2010 Three High-Situation


Three high-situation refers to hikes in the value of won, prices of raw materials and interest rates. These are important factors that affect business activities and the Korean economy as a whole. From the perspectives of companies that are based on and running in Korea, we should be stepping up our efforts to be better prepared for the three high-situation.

As the first nation among OECD members (the Organization for Economic Co-operation and Development) to overcome the financial crisis triggered back in 2008, there has been a continuous appreciation in the currency that now remains almost stable. Relying heavily on exports (nearly 80 percentages of the economy as a whole) we have to tackle this strong currency so as to minimize and offset internal and external effects. That is because our exported products come to lose their price competitiveness in overseas markets compared to those from other countries. By the same token, imported products in the domestic market could have a price edge over our products.
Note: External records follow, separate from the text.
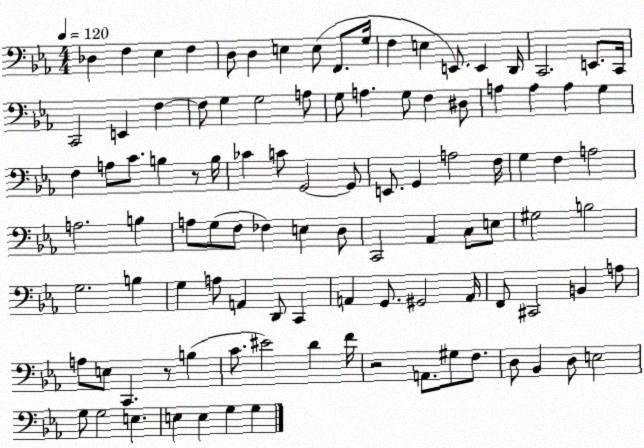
X:1
T:Untitled
M:4/4
L:1/4
K:Eb
_D, F, _E, F, D,/2 D, E, E,/2 F,,/2 G,/4 F, E, E,,/2 E,, D,,/4 C,,2 E,,/2 C,,/4 C,,2 E,, F, F,/2 G, G,2 A,/2 G,/2 A, G,/2 F, ^D,/2 A, A, A, G, F, A,/2 C/2 B, z/2 B,/4 _C C/2 G,,2 G,,/2 E,,/2 G,, A,2 F,/4 G, F, A,2 A,2 B, A,/2 G,/2 F,/2 _F, E, D,/2 C,,2 _A,, C,/2 E,/2 ^G,2 B,2 G,2 B, G, A,/2 A,, D,,/2 C,, A,, G,,/2 ^G,,2 A,,/4 F,,/2 ^C,,2 B,, A,/2 A,/2 E,/2 C,, z/2 B, C/2 ^E2 D F/4 z2 A,,/2 ^G,/2 F,/2 D,/2 _B,, D,/2 E,2 G,/2 G,2 E, E, E, G, G, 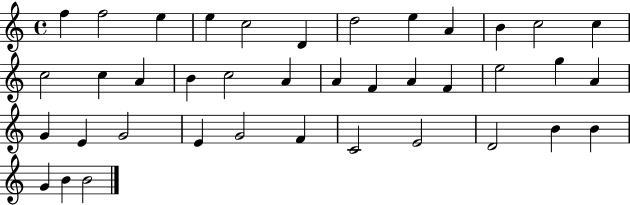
X:1
T:Untitled
M:4/4
L:1/4
K:C
f f2 e e c2 D d2 e A B c2 c c2 c A B c2 A A F A F e2 g A G E G2 E G2 F C2 E2 D2 B B G B B2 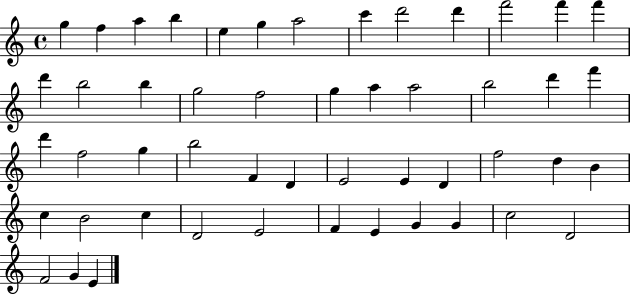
{
  \clef treble
  \time 4/4
  \defaultTimeSignature
  \key c \major
  g''4 f''4 a''4 b''4 | e''4 g''4 a''2 | c'''4 d'''2 d'''4 | f'''2 f'''4 f'''4 | \break d'''4 b''2 b''4 | g''2 f''2 | g''4 a''4 a''2 | b''2 d'''4 f'''4 | \break d'''4 f''2 g''4 | b''2 f'4 d'4 | e'2 e'4 d'4 | f''2 d''4 b'4 | \break c''4 b'2 c''4 | d'2 e'2 | f'4 e'4 g'4 g'4 | c''2 d'2 | \break f'2 g'4 e'4 | \bar "|."
} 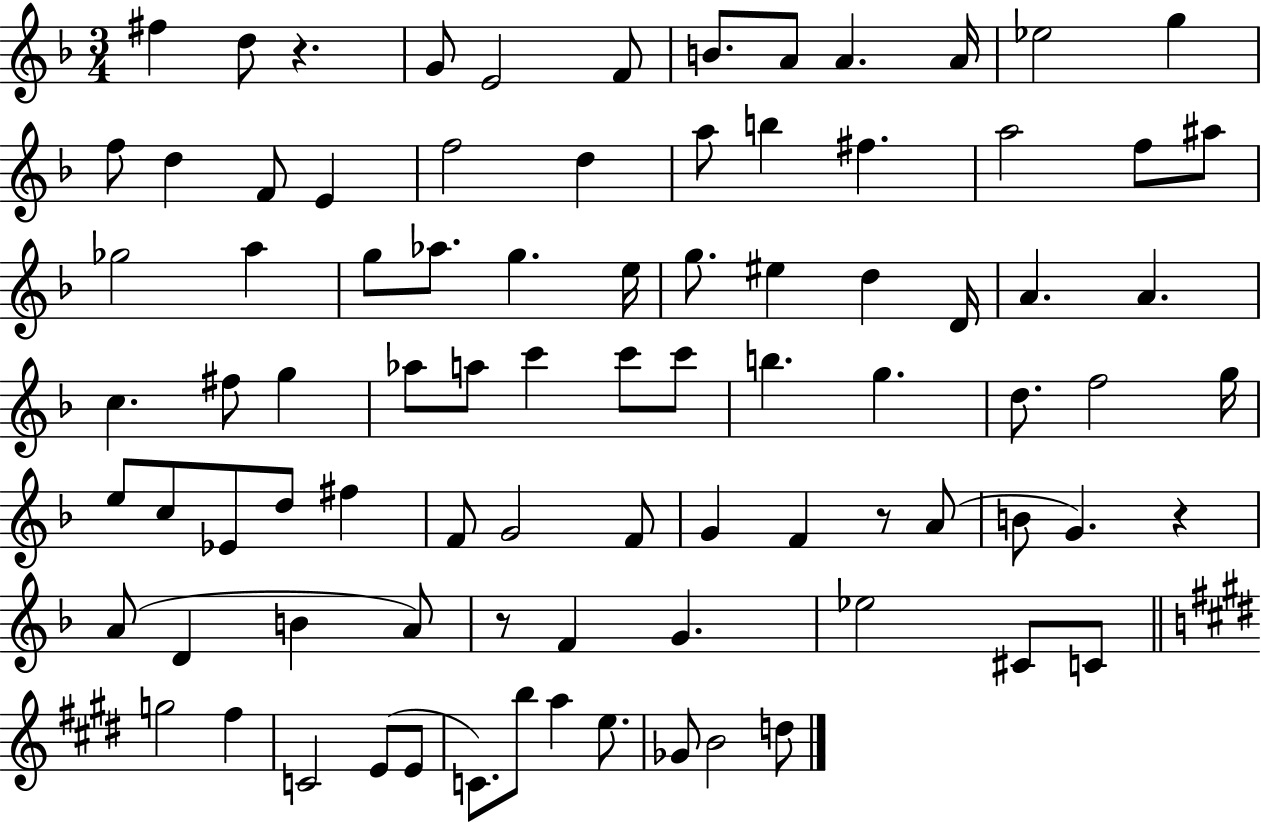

In order to avoid the instability due to the fluctuation of currency, we have to build up other competitiveness apart from low price to make sure that customers keep purchasing our products, placing more value on the product or brand itself rather than the changeable price.

When it comes to rise in prices of raw materials, the impact on our economy is less serious since all the businesses concerned have to buy the same raw materials to produce certain products. However, surging prices being protracted might lead to slumping markets worldwide with a relatively shrunken purchasing power of customers. So, we need to broaden our range of markets, advancing into newly emerging ones, especially OPEC (Organization of the Petroleum Exporting Countries) whose members are most likely to benefit from the price hike.

The Bank of Korea has been holding its policy rate at the record low 2 percentage for 13 months in a row. However, with growing risk of asset bubble and increasing concerns over inflation due to the massively-spent-economic stimulus package from last year, it seems unavoidable to raise the rate later this year. In order to be prepared for this, businesses have to ensure their fiscal soundness by reducing their fiscal debt, not to mention households. When they have difficulties paying back their interests on the rise, which will inevitably be followed by sluggish consumption and production, the economy will face another recession.

Ahead of the upcoming G20 summit meeting in November, we need to deal with the hikes of the economic factors wisely and effectively. The G20 summit will be an important test for Korea to become an advanced economy. Therefore, it is important to show the world how the Korean economy weathers economic challenges proactively.